### Problem
Whatever pictures appear, omit them, and repeat the data below exactly.

### Data section

--- --- ---

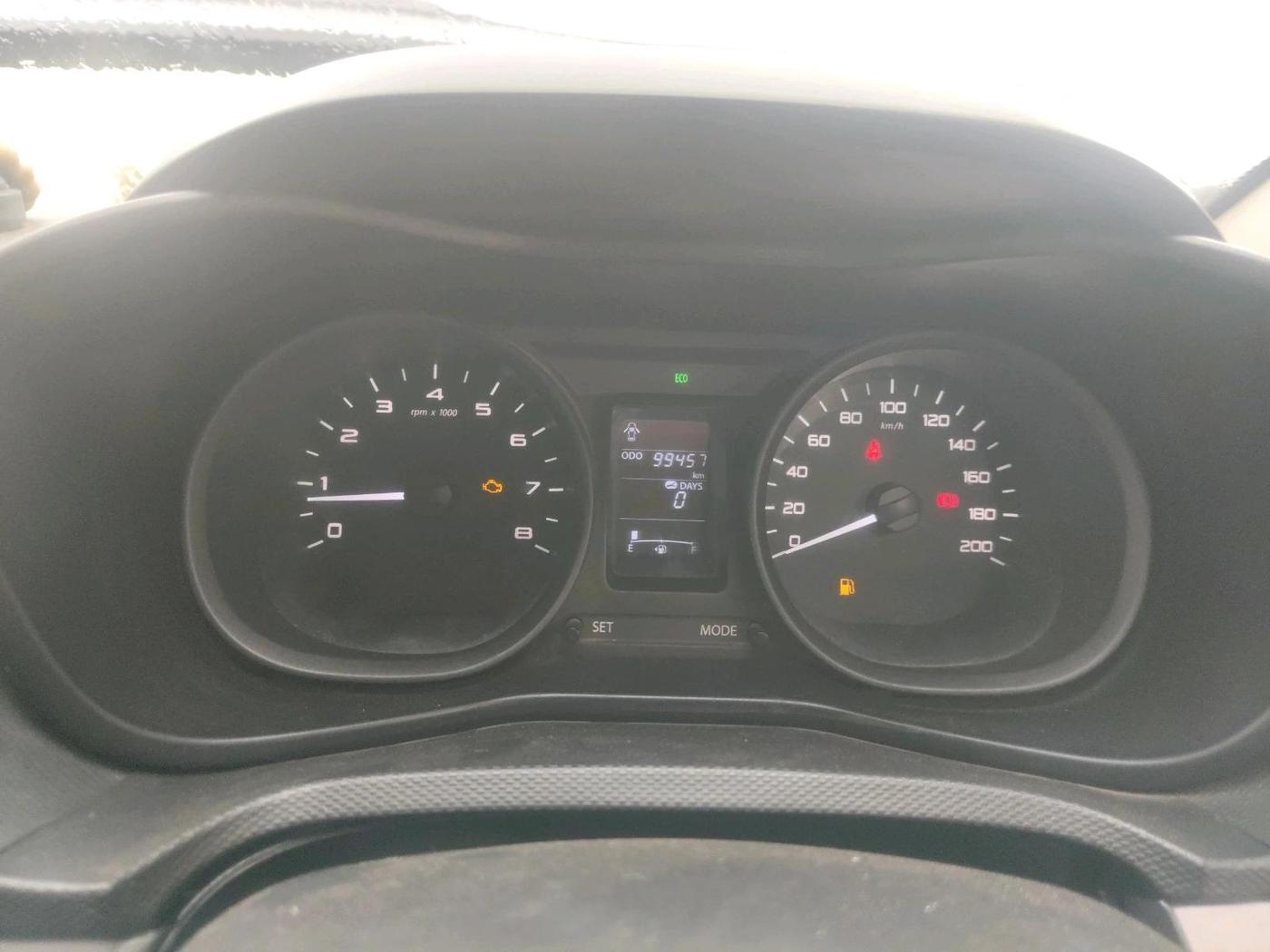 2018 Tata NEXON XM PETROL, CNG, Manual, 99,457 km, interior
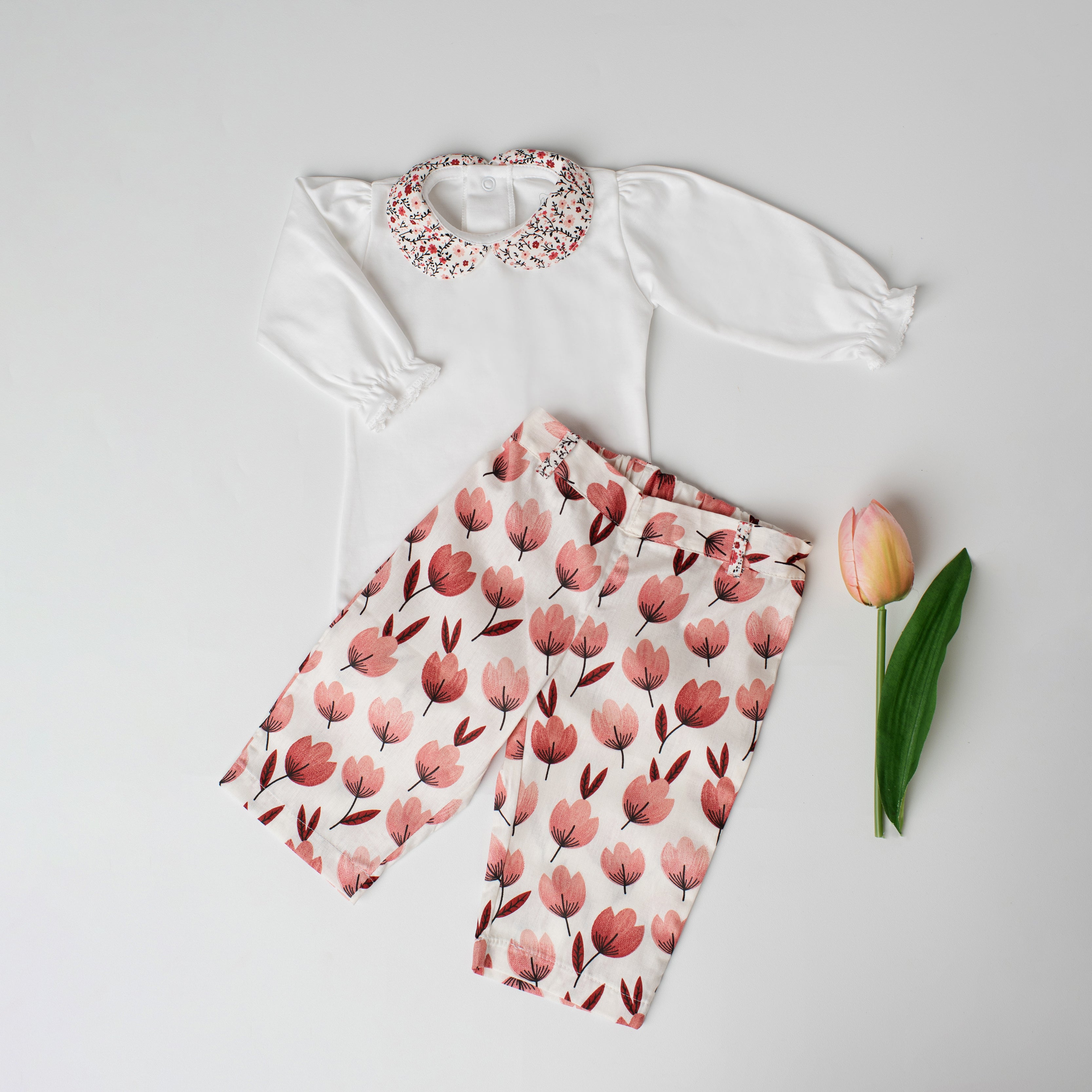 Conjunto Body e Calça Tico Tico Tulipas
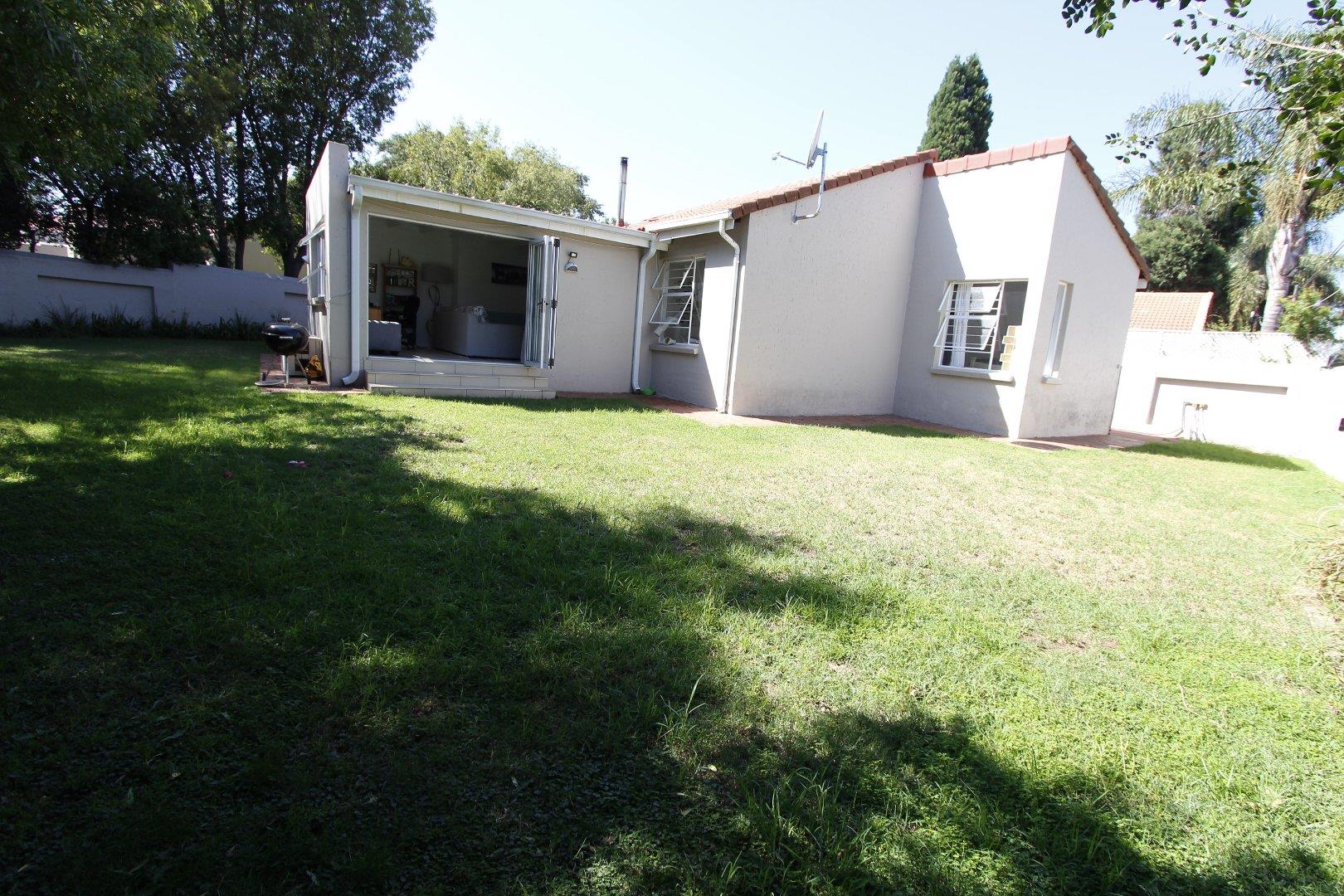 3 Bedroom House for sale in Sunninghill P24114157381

--- --- ---

### Exercise solution
 2018 Tata NEXON XM PETROL, CNG, Manual, 99,457 km, interior
 Conjunto Body e Calça Tico Tico Tulipas
 3 Bedroom House for sale in Sunninghill P24114157381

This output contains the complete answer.